Retype the lines of the listing below exactly, but only those from the one containing "blue chino trousers with aztec print belt" through the last line; pictures stay out.

== Source material ==

=== Begin Enclosure ===

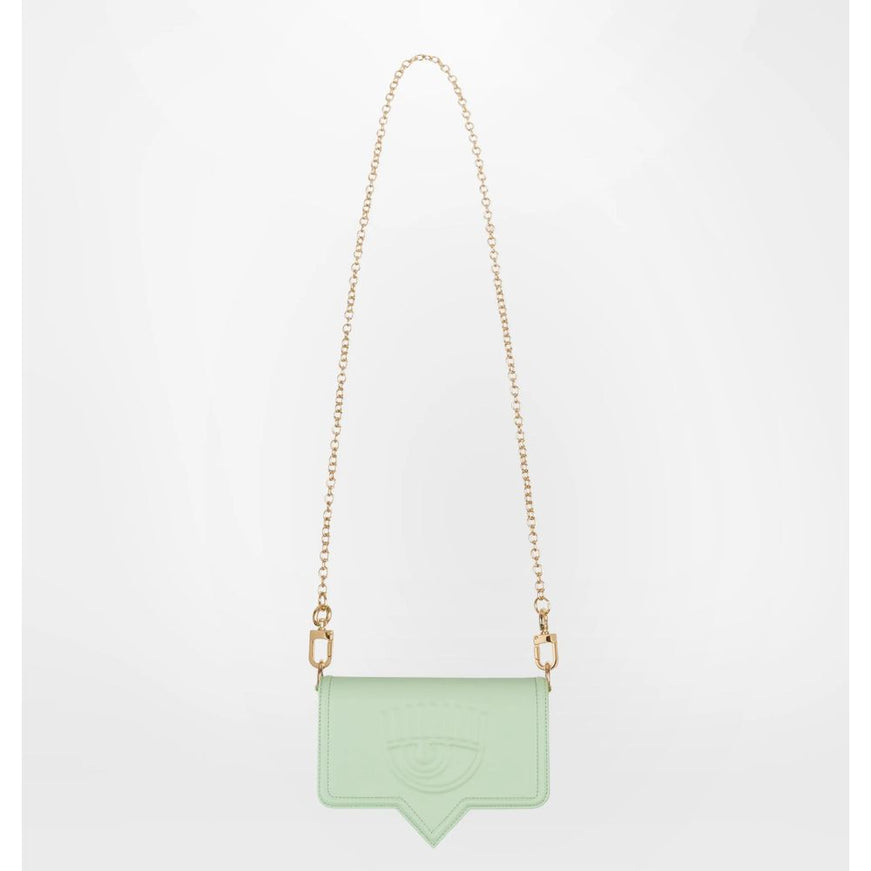 a green bag hanging from a gold chain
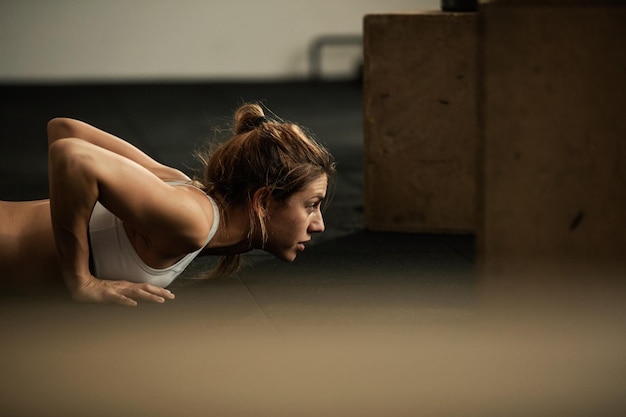 Joven deportista dedicada ejerciendo flexiones durante el entrenamiento deportivo en el club de salud Copiar espacio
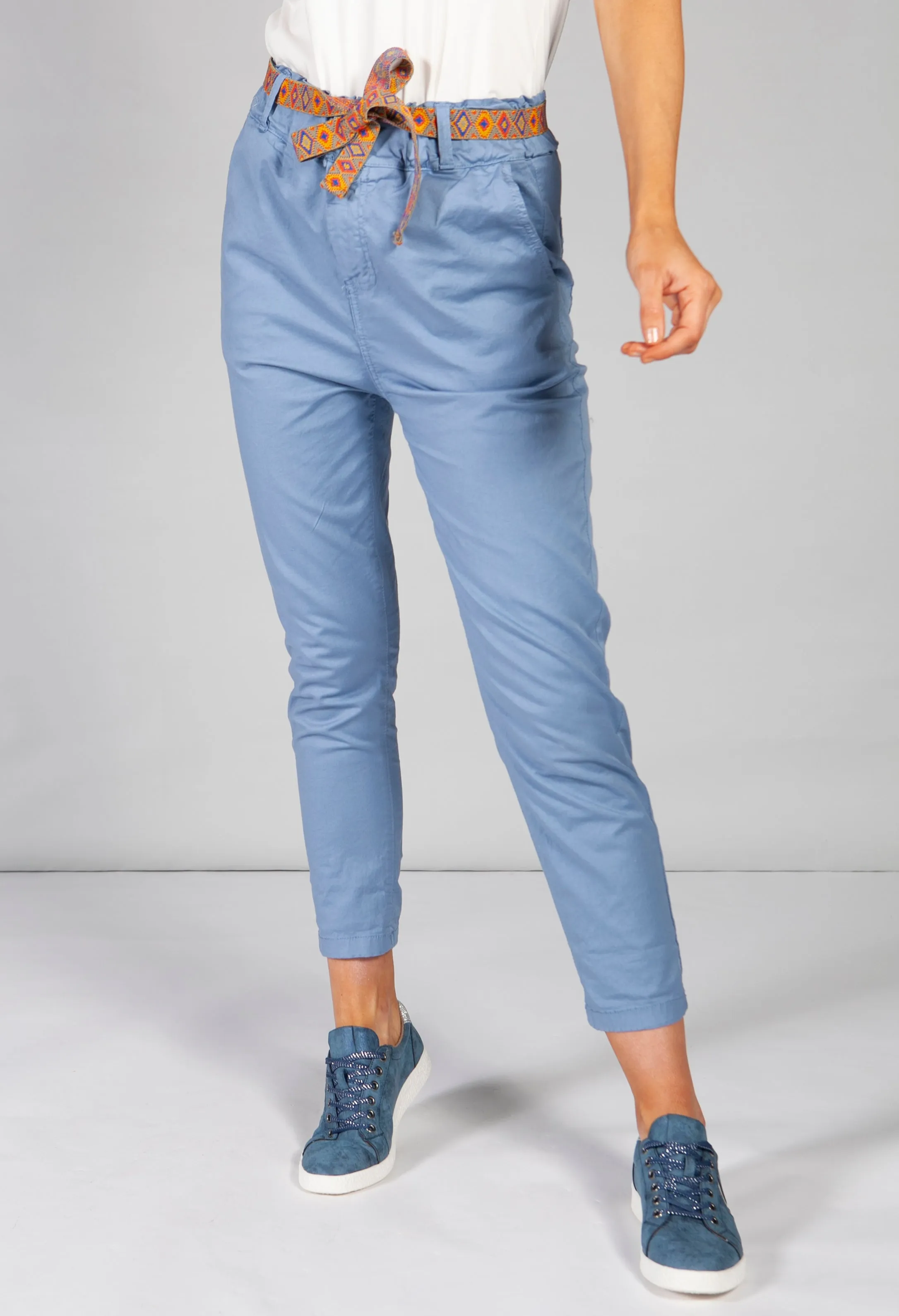 blue chino trousers with aztec print belt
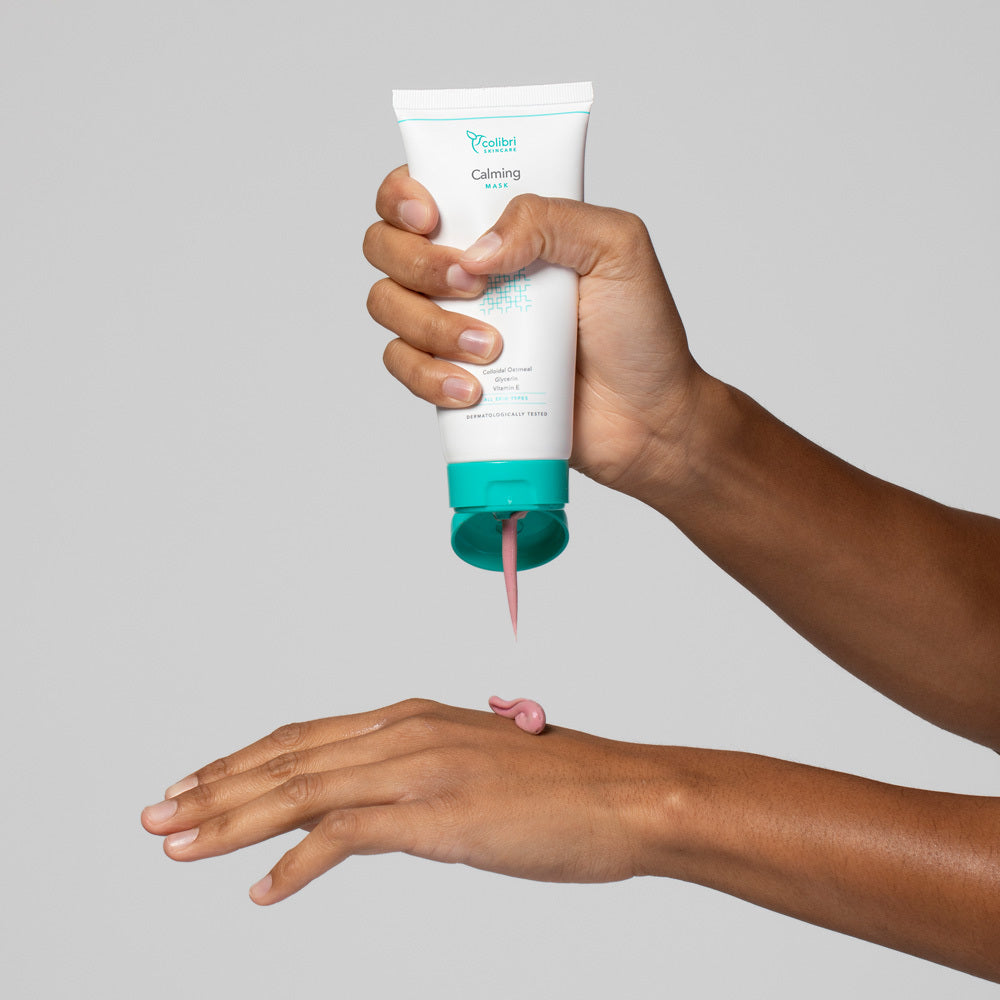 Eine Person trägt rosa Creme aus einer Tube auf den Handrücken auf.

=== End Enclosure ===

== Exercise output ==
 blue chino trousers with aztec print belt
 Eine Person trägt rosa Creme aus einer Tube auf den Handrücken auf.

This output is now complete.